### Task details
Every line of the data below that holds the string "refilling" needs to be reported.

### Extracted records
......

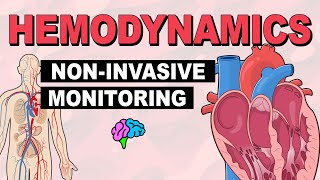 NonInvasive Monitoring  Hemodynamics Part 4 [upl. by Padgett]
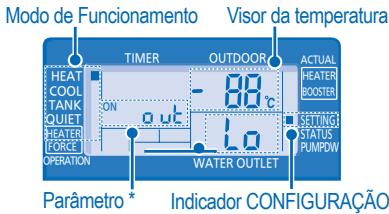 Modo de Funcionamento Visor da temperatura TIMER OUTDOOR ACTUAL HEAT COOL TANK QUIET ON - 88°C HEATER FORCE 1.0 HEATER BOOSTER SETTING STATUS PUMPOW OPERATION WATER OUTLET Parâmetro * Indicador CONFIGURAÇÃO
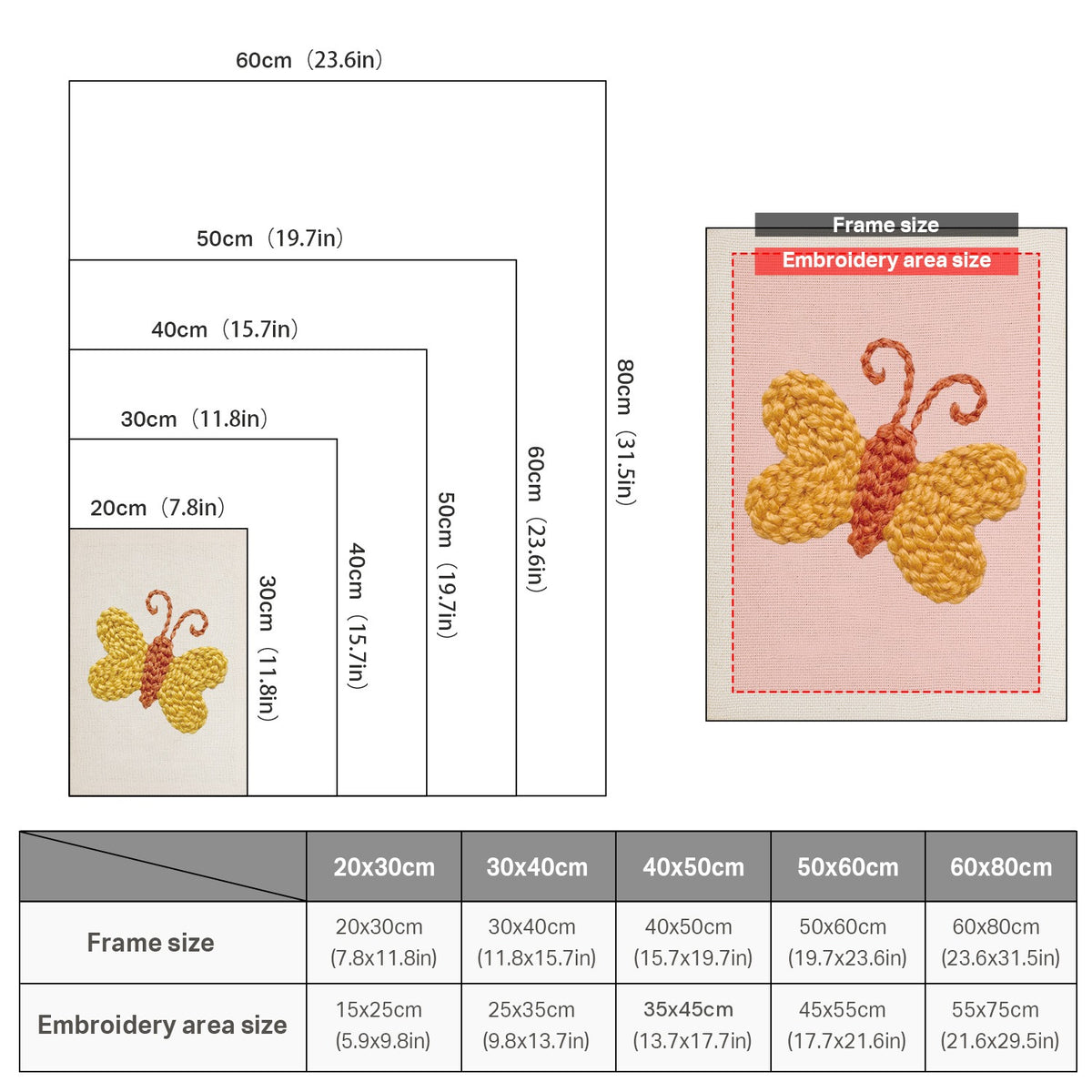 Size chart for punch needle kits from 20 x 30 cm to 60 x 80 cm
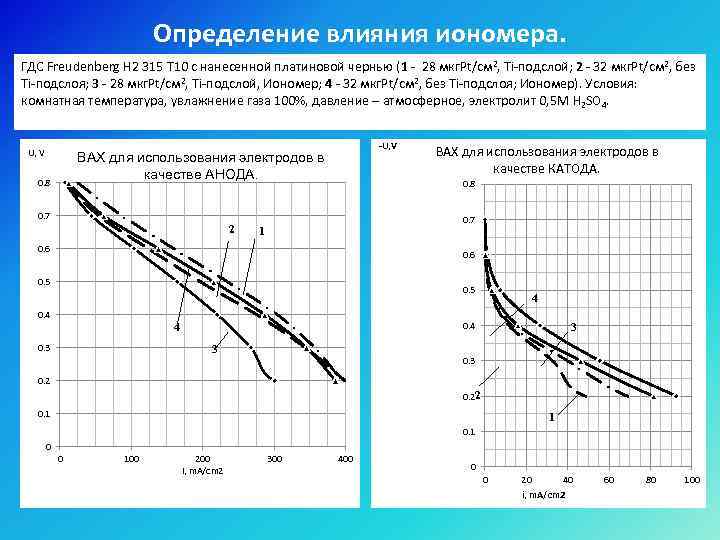Определение влияния иономера. ГДС Freudenberg H 2 315 T 10 с нанесенной платиновой чернью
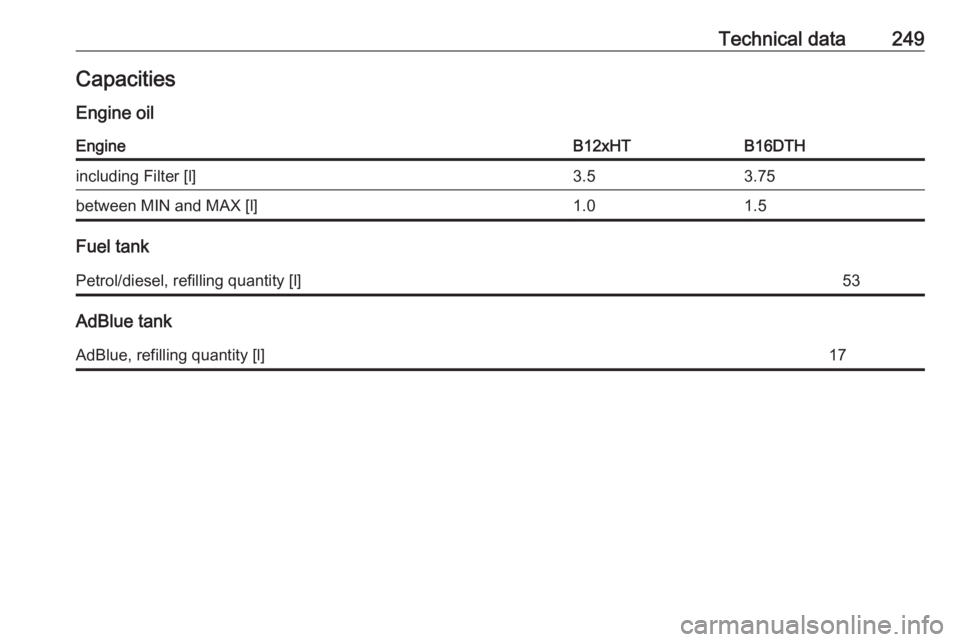 OPEL GRANDLAND X 2018  Infotainment system Technical data249Capacities
Engine oilEngineB12xHTB16DTHincluding Filter [l]3.53.75between MIN and MAX [l]1.01.5
Fuel tank
Petrol/diesel, refilling quantity [l]53
AdBlue tank
AdBlue, refilling quantit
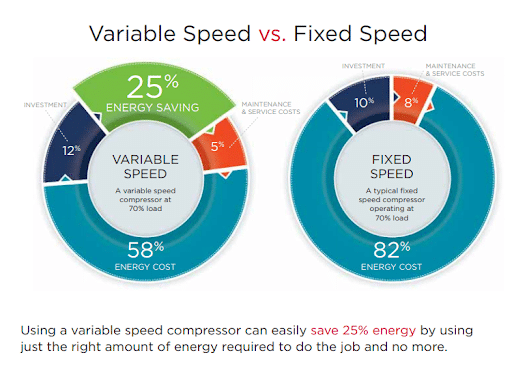 variable-speed-vs-fixed-speed-air-compressors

......

### Exercise solution
Petrol/diesel, refilling quantity [l]53
AdBlue, refilling quantit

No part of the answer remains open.